■ RECORDED DATA
╔══
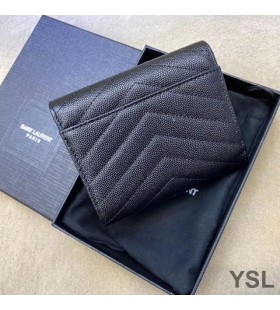 Yves Saint Laurent Monograma Com Dobra Tripla Em Papel Cartão De Caso Em Grãos De Matelassê De Couro Preto/Ouro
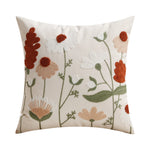 Decorative Pillow Cover Embroidered Chenille Linen-Blend Removable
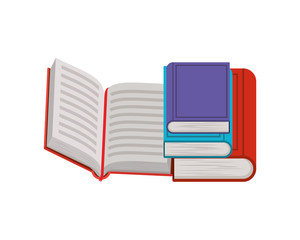 Isolated books and hand design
╚══
■ YOUR ASSIGNMENT
When you copy the listing above, reproduce every line exactly and skip the images.

■ OUTPUT OF THE EXERCISE
 Yves Saint Laurent Monograma Com Dobra Tripla Em Papel Cartão De Caso Em Grãos De Matelassê De Couro Preto/Ouro
 Decorative Pillow Cover Embroidered Chenille Linen-Blend Removable
 Isolated books and hand design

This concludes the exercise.